Seorang paman saya yang dianggap cukup kaya di kampungku saat itu memiliki kebiasaan yang cukup aneh. Begitu penilaian saya saat itu.
Ia akan membeli apapun dari pedagang-pedagang yang datang menjajakan dagangannya ke teras rumahnya. Biasanya mereka adalah orang-orang kecil dengan ekonomi yang lemah. Saya tidak memiliki kata-kata seperti itu dulu. Yang saya pahami adalah mereka yang berdagang itu adalah orang-orang yang membutuhkan bantuan dan santunan.
Di antara mereka ada yang tergolong sangat miskin. Ada yang janda beranak 4. Ada juga yang usianya sudah sangat sepuh. Bahkan ada juga yang dinilai kewarasannya terganggu.
Dengan senang hati paman saya membeli yang di jajakannya. Ada pisang goreng, ubi goreng, bala-bala, bolu kukus, dan sayuran.

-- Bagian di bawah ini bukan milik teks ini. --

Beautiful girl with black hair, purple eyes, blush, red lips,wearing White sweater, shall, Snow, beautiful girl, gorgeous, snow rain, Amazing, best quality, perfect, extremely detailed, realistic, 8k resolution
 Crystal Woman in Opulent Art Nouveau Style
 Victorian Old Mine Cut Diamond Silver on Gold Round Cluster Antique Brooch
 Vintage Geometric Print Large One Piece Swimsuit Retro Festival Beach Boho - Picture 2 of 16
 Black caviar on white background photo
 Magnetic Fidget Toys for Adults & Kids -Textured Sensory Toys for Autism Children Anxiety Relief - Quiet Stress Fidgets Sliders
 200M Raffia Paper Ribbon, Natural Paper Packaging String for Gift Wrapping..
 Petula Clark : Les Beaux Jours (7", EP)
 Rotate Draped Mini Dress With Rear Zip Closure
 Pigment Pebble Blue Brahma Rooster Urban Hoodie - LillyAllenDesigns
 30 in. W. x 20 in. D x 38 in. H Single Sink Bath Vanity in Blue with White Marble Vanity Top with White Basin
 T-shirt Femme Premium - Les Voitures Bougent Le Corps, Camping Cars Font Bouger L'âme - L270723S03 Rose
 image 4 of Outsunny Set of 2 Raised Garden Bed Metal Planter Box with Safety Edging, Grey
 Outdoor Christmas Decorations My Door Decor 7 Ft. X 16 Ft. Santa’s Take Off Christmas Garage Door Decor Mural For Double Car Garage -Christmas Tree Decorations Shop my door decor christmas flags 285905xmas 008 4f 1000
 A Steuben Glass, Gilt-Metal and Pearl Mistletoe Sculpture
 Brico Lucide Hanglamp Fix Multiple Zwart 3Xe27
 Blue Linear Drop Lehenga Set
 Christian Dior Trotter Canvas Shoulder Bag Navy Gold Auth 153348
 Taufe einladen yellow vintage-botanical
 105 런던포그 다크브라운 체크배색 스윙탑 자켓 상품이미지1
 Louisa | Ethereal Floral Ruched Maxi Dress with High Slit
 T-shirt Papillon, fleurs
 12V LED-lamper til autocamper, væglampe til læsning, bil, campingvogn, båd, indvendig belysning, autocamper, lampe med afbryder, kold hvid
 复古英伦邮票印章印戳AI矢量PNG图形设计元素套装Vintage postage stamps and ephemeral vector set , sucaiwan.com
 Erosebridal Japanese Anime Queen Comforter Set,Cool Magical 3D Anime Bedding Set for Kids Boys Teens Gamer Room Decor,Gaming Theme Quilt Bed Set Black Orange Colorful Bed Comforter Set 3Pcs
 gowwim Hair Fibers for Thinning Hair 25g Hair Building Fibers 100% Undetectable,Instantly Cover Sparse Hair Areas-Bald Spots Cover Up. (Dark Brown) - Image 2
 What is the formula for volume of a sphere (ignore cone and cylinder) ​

Bagi yang lain "mungkin" membeli makanan dari mereka itu agak jijik. Dari penampilannya yang jauh dari kata bersih mungkin bisa mengesankan itu. Saya tidak berani melanjutkan kata-kata berikutnya.
Namun, paman saya suka membelinya dan sesekali memborongnya dan membagi-bagikannya kepada yang ada di sekitar rumah. Saya sering juga mendapatkan bagian pisang goreng atau ubi goreng.
Tidak ada pertanyaan terlalu dalam dan tidak juga saya bertanya alasannya. Tapi suatu hari saya pernah bertanya kepada anaknya. Dan dia tidak memberikan jawaban yang pasti. Ia hanya mengatakan, "Tidak tahu ya, Bapak memang suka begitu ... "
Meski masih terbilang kecil, tapi saya bisa menyimpulkan bahwa paman saya melakukannya karena dorongan rasa kasihan yang mendalam terhadap nasib orang lain.
Paman saya telah mampu peduli dan menempatkan dirinya pada posisi mereka. Mungkin saya akan sedih kalau ada pada posisi mereka. Betapa hati akan sedih kalau dagangan tidak laku. Betapa sedih kalau si kaya yang diharapkan akan membeli dagangannya mengatakan "tidak".
Paman saya telah mampu merasakan kepedihan mereka. Dan salah satu akhlaq yang kini saya tiru adalah membahagiakan orang lain tapi membuatnya malu. Paman saya tetap membayarnya dengan harga normal.
Kebiasaan lainnya adalah membeli dengan uang dengan pecahan besar seperti 100.000 dan 50.000 atau 20.000. Setelah itu sambil berbisik ia mengatakan, "Uang kembaliannya buat bibi saja."
Satu lagi, kebiasaan paman yang kaya itu adalah suka memberikan hadiah kepada mereka. Apa saja yang bisa ia kasih. Seperti baju baru yang ia sebut "Baju bekas yang masuh bagus". Itu, semata-mata agar yang menerima tidak merasa malu.
Apakah paman kaya itu jatuh miskin karena berbuat demikian? Ternyata kerbaunya malah bertambah banyak. Bahkan sawah dan kebun semakin bertambah luas. Demikianlah suasana di pedesaan. Kekayaan selalu ternilai dari sapi, kerbau, atau sawahnya yang luas.